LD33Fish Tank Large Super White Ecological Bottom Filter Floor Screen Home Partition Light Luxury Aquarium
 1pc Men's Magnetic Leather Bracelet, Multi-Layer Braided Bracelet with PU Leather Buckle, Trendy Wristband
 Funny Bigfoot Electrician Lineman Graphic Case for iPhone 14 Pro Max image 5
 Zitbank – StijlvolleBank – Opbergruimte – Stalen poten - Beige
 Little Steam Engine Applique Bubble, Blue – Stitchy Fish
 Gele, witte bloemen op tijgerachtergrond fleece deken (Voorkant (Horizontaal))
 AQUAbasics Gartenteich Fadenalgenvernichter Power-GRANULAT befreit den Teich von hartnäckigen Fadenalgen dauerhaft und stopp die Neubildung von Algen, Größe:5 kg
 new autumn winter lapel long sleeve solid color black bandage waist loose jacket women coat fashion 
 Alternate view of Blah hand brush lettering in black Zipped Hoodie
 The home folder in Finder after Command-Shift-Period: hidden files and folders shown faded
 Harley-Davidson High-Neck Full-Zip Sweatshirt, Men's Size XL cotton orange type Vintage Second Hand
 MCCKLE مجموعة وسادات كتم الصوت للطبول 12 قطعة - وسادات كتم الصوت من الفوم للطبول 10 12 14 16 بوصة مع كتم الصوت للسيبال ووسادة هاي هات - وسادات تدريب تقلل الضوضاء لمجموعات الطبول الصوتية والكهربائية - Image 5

**What is required:** Could you copy the listing above word for word?

**Exercise answer:**
LD33Fish Tank Large Super White Ecological Bottom Filter Floor Screen Home Partition Light Luxury Aquarium
 1pc Men's Magnetic Leather Bracelet, Multi-Layer Braided Bracelet with PU Leather Buckle, Trendy Wristband
 Funny Bigfoot Electrician Lineman Graphic Case for iPhone 14 Pro Max image 5
 Zitbank – StijlvolleBank – Opbergruimte – Stalen poten - Beige
 Little Steam Engine Applique Bubble, Blue – Stitchy Fish
 Gele, witte bloemen op tijgerachtergrond fleece deken (Voorkant (Horizontaal))
 AQUAbasics Gartenteich Fadenalgenvernichter Power-GRANULAT befreit den Teich von hartnäckigen Fadenalgen dauerhaft und stopp die Neubildung von Algen, Größe:5 kg
 new autumn winter lapel long sleeve solid color black bandage waist loose jacket women coat fashion 
 Alternate view of Blah hand brush lettering in black Zipped Hoodie
 The home folder in Finder after Command-Shift-Period: hidden files and folders shown faded
 Harley-Davidson High-Neck Full-Zip Sweatshirt, Men's Size XL cotton orange type Vintage Second Hand
 MCCKLE مجموعة وسادات كتم الصوت للطبول 12 قطعة - وسادات كتم الصوت من الفوم للطبول 10 12 14 16 بوصة مع كتم الصوت للسيبال ووسادة هاي هات - وسادات تدريب تقلل الضوضاء لمجموعات الطبول الصوتية والكهربائية - Image 5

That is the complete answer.